The idea of the university and its enemies

Why does the university matter? It matters because in the present state of affairs the university represents the idea of pluralism, an inclusive approach to the oppressed communities, tolerance of diversity of views, and the possibility of argumentation without resort to coercion and violence.

Published : Mar 02, 2016 12:30 IST

Ruins of the ancient Nalanda university. A 2006 photograph.

Ruins of the ancient Nalanda university. A 2006 photograph.

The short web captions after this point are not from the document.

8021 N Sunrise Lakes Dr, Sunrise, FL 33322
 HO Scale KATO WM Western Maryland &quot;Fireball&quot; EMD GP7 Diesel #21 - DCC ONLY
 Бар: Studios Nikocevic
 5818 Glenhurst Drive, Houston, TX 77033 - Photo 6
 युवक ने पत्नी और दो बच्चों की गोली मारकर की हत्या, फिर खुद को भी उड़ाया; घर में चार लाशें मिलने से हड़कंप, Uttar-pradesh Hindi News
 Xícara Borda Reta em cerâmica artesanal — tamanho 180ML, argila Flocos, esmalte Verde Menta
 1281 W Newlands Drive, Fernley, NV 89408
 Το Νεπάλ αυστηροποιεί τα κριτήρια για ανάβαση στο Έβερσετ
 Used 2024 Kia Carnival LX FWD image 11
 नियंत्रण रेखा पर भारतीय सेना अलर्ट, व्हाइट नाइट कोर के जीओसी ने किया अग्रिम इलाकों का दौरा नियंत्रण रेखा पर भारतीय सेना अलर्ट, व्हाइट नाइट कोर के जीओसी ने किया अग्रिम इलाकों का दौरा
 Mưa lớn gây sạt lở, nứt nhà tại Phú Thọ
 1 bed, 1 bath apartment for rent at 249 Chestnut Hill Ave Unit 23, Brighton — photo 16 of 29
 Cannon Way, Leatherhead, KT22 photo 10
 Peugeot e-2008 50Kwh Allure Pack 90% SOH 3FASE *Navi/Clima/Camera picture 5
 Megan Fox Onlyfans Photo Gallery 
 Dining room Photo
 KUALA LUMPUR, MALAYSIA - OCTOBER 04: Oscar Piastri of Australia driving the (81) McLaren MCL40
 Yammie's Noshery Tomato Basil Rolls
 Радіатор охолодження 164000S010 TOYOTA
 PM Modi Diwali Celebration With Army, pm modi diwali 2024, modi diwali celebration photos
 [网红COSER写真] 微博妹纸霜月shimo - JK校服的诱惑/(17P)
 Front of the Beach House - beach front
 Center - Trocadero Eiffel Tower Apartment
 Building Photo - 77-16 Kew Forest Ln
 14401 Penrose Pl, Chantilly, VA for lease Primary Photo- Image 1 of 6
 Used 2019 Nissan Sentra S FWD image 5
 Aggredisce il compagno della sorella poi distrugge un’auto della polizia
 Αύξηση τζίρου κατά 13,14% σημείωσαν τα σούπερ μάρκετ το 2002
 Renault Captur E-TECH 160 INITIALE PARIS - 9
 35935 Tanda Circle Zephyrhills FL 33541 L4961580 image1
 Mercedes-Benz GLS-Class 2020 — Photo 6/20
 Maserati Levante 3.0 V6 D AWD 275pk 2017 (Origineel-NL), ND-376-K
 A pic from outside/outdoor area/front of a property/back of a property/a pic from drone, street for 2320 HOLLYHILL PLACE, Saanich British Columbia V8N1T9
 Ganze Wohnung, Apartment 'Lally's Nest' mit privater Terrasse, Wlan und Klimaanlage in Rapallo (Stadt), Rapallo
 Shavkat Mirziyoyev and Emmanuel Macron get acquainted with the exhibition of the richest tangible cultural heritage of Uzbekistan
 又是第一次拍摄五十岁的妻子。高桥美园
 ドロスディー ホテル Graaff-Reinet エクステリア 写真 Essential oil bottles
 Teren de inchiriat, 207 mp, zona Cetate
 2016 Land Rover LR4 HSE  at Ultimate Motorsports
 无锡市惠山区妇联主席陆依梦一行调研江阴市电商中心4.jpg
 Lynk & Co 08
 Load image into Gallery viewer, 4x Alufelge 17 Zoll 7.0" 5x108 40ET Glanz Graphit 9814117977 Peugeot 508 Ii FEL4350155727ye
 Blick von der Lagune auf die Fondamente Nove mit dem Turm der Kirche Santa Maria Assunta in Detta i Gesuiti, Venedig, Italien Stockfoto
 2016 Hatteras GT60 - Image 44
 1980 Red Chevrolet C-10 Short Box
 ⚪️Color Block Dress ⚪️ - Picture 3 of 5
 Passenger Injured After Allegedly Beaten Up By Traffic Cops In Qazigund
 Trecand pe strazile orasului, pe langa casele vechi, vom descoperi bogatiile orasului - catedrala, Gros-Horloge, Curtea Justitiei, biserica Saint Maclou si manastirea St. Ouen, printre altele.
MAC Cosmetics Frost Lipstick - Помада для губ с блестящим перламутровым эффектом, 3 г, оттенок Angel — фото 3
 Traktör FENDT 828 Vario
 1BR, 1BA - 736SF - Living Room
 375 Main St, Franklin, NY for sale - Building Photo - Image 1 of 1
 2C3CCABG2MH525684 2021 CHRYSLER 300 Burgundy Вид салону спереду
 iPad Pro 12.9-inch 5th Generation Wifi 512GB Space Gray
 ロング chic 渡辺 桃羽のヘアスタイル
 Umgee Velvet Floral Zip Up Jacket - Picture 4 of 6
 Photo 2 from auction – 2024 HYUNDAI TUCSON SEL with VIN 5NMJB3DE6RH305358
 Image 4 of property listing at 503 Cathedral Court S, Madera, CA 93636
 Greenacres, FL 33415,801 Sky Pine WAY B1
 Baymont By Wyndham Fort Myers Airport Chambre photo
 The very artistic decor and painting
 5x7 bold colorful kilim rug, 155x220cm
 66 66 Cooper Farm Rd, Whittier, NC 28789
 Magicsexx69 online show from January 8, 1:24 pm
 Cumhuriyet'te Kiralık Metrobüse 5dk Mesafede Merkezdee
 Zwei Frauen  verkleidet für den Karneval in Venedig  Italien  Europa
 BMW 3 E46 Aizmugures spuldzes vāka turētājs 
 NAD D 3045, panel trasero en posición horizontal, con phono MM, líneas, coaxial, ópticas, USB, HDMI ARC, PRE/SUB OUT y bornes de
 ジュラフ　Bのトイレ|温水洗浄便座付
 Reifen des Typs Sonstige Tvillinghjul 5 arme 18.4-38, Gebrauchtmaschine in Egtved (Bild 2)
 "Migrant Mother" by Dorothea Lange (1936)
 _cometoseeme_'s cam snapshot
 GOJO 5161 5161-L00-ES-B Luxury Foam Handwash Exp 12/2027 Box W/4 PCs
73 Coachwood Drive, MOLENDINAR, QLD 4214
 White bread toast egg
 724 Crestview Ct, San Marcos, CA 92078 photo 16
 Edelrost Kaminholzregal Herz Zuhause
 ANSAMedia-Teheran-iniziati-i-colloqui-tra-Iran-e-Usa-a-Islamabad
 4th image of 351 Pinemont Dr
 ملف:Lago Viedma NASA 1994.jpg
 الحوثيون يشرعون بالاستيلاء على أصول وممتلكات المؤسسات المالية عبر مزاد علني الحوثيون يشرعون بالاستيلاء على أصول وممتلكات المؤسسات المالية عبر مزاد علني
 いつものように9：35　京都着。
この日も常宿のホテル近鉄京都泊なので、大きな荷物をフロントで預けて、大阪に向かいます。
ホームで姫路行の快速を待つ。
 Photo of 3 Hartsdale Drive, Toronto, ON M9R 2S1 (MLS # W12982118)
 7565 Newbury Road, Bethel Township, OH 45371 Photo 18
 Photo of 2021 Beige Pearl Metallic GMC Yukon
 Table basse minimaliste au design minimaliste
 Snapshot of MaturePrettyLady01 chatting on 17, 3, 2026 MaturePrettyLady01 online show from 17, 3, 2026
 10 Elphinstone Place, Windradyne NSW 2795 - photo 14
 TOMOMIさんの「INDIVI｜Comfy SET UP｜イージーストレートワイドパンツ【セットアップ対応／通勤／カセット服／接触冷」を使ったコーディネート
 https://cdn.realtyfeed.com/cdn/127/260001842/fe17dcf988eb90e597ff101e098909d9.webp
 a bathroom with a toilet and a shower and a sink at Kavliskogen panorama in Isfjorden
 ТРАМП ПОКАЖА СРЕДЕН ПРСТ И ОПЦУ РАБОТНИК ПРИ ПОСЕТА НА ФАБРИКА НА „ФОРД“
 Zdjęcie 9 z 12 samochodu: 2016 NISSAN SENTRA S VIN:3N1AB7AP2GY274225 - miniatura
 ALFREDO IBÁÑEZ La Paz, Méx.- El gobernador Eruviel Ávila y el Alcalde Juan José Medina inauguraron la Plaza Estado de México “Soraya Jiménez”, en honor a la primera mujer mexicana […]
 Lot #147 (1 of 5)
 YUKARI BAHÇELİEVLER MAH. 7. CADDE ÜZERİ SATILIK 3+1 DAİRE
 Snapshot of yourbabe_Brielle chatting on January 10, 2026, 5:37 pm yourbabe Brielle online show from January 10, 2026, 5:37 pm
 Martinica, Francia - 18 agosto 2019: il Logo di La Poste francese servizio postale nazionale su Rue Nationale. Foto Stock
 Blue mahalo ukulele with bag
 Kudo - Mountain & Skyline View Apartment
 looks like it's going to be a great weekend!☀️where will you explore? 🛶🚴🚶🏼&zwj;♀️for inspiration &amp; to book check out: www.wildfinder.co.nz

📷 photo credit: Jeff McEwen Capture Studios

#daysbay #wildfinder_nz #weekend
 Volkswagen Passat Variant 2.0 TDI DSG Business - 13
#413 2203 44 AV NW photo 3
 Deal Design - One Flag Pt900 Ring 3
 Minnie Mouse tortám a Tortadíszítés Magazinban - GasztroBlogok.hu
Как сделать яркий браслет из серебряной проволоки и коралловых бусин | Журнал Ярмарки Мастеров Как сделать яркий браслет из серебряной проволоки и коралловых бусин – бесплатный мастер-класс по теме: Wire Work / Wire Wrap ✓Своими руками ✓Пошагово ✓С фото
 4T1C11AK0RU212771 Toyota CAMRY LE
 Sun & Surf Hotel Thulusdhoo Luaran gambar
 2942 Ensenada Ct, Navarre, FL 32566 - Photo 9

In the multiplicity of crises we encounter today, a crisis that has moved to a central position receives surprisingly little attention in the public and media discourse. This is the fact that the idea of the university is in danger. A focus on the immediate problems in Jawaharlal Nehru University (JNU) or the University of Hyderabad or other institutions of higher learning is of course necessary, but beyond that there are more deep-seated issues and problems of longer range which concern the threat to the very idea of the university.

Why does the university matter? It matters because in the present state of affairs the university represents the idea of pluralism, an inclusive approach to the oppressed communities, tolerance of diversity of views, and the possibility of argumentation without resort to coercion and violence. (Needless to say, we are considering here the idea of the university as distinct from the university as an institution; not all universities, nor all the institutional features within each, would reflect the basic idea of the university in the same degree.) Those who are opposed to these values would inevitably try to destroy the university; those who wish to uphold these values must stand by and defend the university against those enemies. The values we are looking at here are not values in some vaguely ethical or spiritual sense, but essential resources in building democracy. Therefore, the confrontation has a significance in national life beyond the portals of the universities.

When a governing regime fails to curb terrorism threatening the nation in the favourite haunts of terrorists, it will turn to target the students of universities elsewhere, for they are a soft target. Further, when such a regime fails to mobilise popular support for its divisive creed, it may try to dress itself up in the respectable clothing of “nationalism”. If election promises remain unrequited, to distract public attention a regime may switch to an agenda of kulturkampf , cultural warfare. That is perfectly understandable and should surprise no one who knows that it is part of predatory politics. But why is the university vulnerable, why does it appear fragile, why is it an easy prey for predatory politicians who care not the least bit for the values the university stands for?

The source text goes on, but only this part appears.